By: Mike Thomas www.orlandosentinel.com
Urban sprawl can ruin the environment and our quality of life.
But could it also undermine our economy? There is growing sentiment among urban planners that cities are surrounding themselves with the slums of tomorrow. These are the outlying developments, many thrown up with reckless abandon during the housing bubble to feed speculator demand.In 2005, Florida cities and counties gave out a record 208,000 permits for detached homes, mostly out in the burbs of Central Florida and coastal cities.
These far-flung projects have been hit hardest by the plunge in housing values. Dropping prices can kick off a spiral of foreclosures, rentals and abandonment. A recent eye-opening piece in The Atlantic Monthly titled "The Next Slum?" picked examples of new subdivisions around Charlotte, N.C., Sacramento, Calif., and Florida's Lee County -- some with $500,000 homes -- falling into crime-ridden decay. As this happens, such developments bring in less tax revenue but require more services in the form of police patrols and code inspection.
Making matters worse, some demographic researchers think the current housing downturn simply exacerbates a long-term trend. As people age, they go from being homebuyers to home sellers. This means that with the impending retirement of the baby boomers, we are entering an era of more sellers in proportion to buyers.And the sellers will be selling suburban homes designed to raise children, while a growing percentage of buyers won't have children.

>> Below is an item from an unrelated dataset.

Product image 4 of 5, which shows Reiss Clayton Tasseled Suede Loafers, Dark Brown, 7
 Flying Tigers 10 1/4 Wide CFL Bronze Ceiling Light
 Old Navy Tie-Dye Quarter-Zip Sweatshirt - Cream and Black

Arthur Nelson, director of the Metropolitan Institute at Virginia Tech, predicts a glut of 22 million "large-lot" detached homes by 2025, with large lot defined as one-sixth of an acre and up.Put another way: If we didn't build another house in the suburbs, we still would have too many of them 17 years from now. The home-vacancy rate in Central Florida is a staggering 7.4 percent, by far the highest in the nation."For Sale" signs are multiplying on the urban fringes, along with unkempt yards."There are more empty houses the farther out you go," says Jack Connor of Alliance Appraisal & Consulting Services. "I was down in Kissimmee, at a development on Lake Toho, and it is a ghost town."Empty downtown condos have become a housing-bubble poster child. But the glut in the outlying burbs is the real time bomb.
Sprawl supporters say these areas provide affordability. But the Charlotte Observer recently reported that starter-home subdivisions there are most prone to problems. Virginia Tech's Nelson notes we have mitigating factors in Florida. Growth has stalled, but history says it will resume, making us better able in the long term to soak up excess housing inventory. And given our narrow peninsula, the suburbs here are denser and not as far-flung as they are around Sacramento, Atlanta and Charlotte. But getting to long-term stability will require short-term survival. We need aggressive police and code enforcement in at-risk subdivisions. If they tip into a state of decay, they may never recover, and new growth will pass them by. We also need a hiatus on developing outside urban service areas. It's past time to stop moving out and start filling in. But Florida politicians never say no to developers. Not even the possibility of a looming crisis will change that.